▶

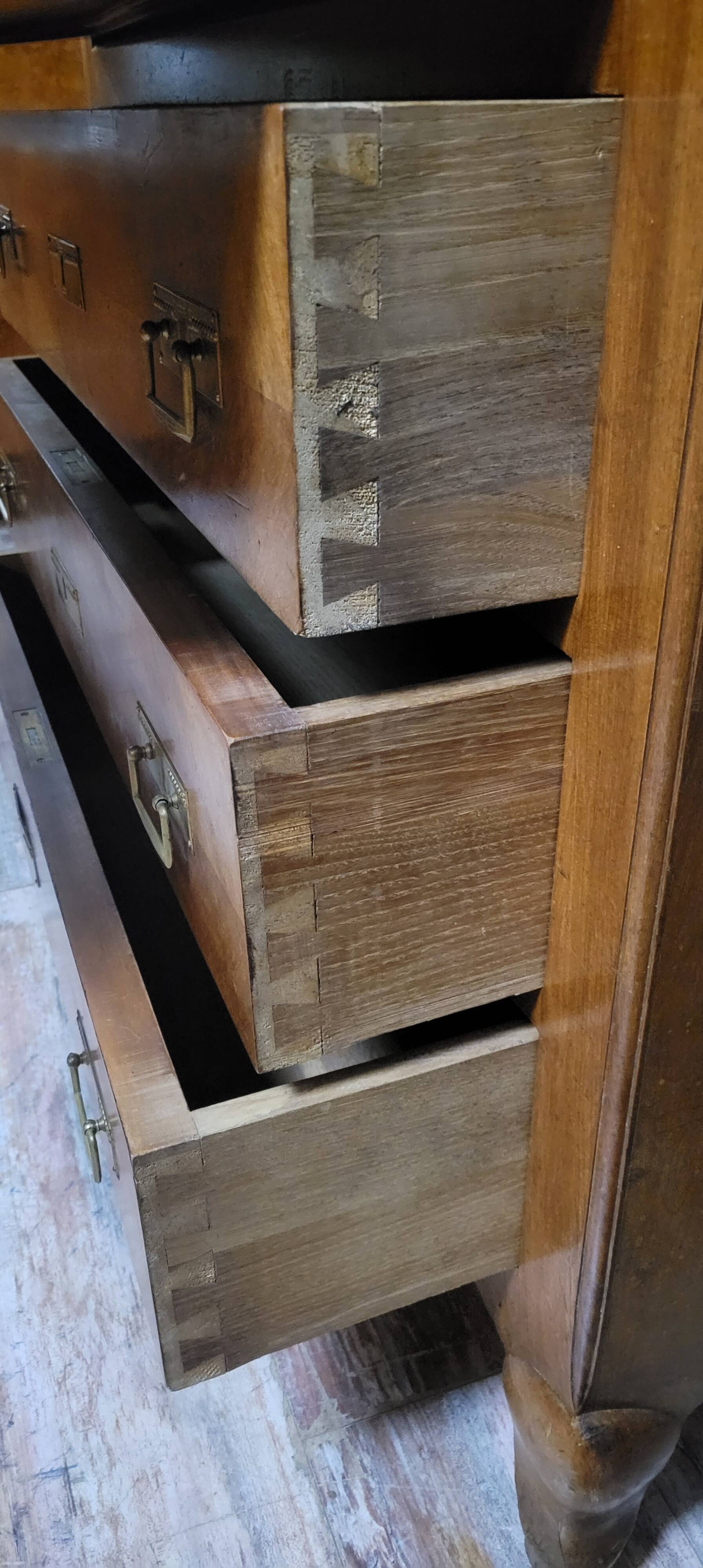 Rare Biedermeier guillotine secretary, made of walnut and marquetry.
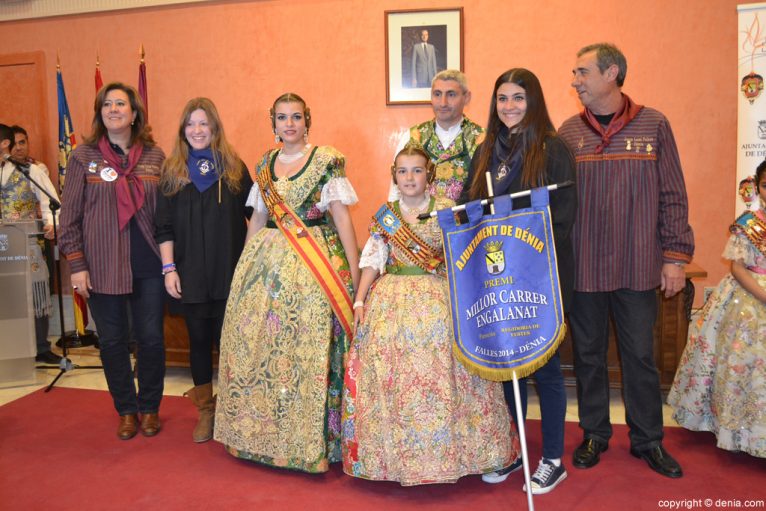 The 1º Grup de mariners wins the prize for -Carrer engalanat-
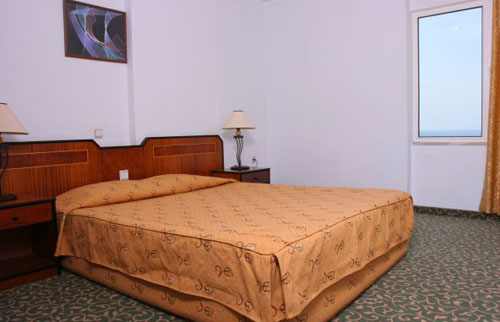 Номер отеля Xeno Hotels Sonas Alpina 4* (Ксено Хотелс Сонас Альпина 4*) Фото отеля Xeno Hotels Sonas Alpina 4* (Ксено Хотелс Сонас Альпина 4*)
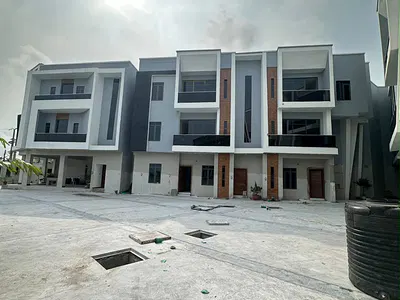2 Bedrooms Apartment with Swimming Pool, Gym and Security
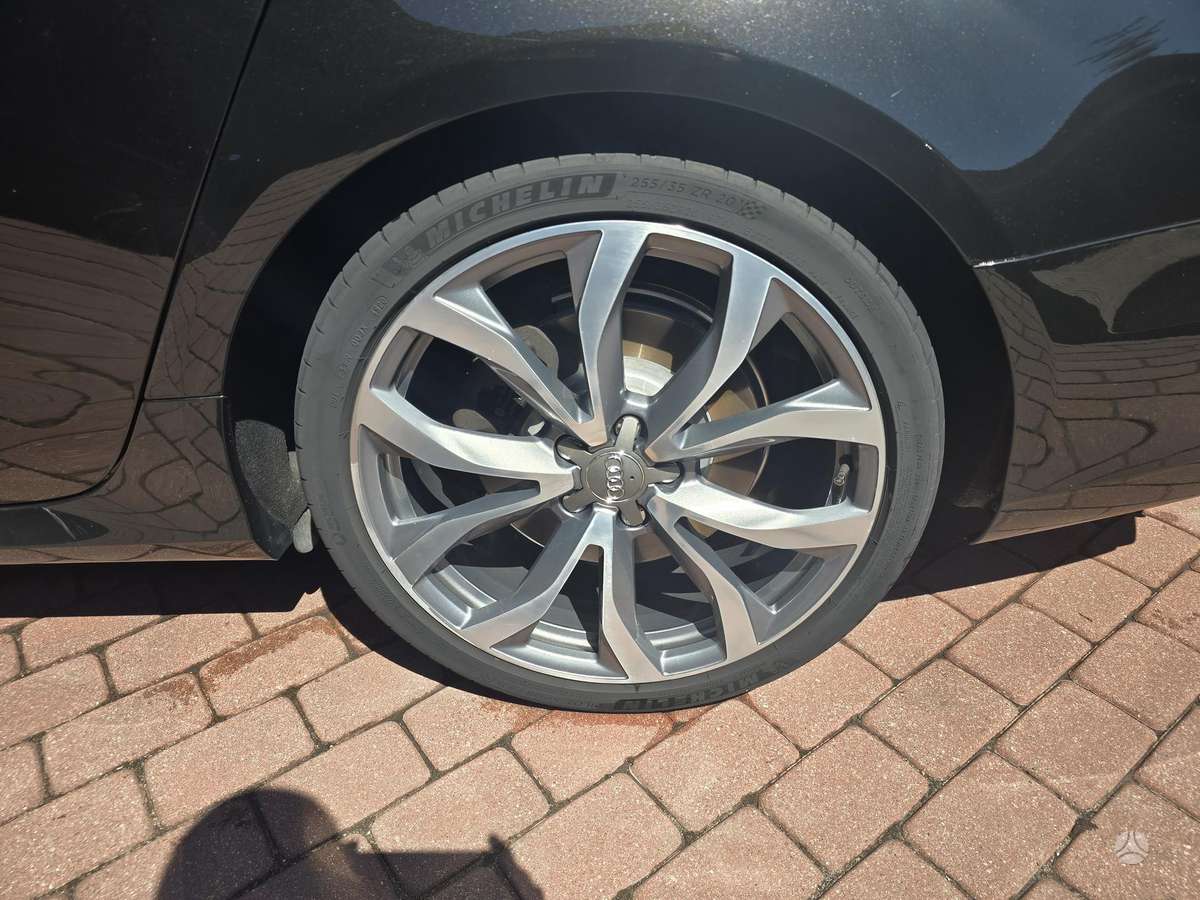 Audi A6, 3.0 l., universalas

◀

Task: The lines to be extracted begin at the line containing "2 Bedrooms Apartment" and continue through the final line of the material above, both ends included. Reproduce them exactly, without the pictures.

Expected output:
2 Bedrooms Apartment with Swimming Pool, Gym and Security
 Audi A6, 3.0 l., universalas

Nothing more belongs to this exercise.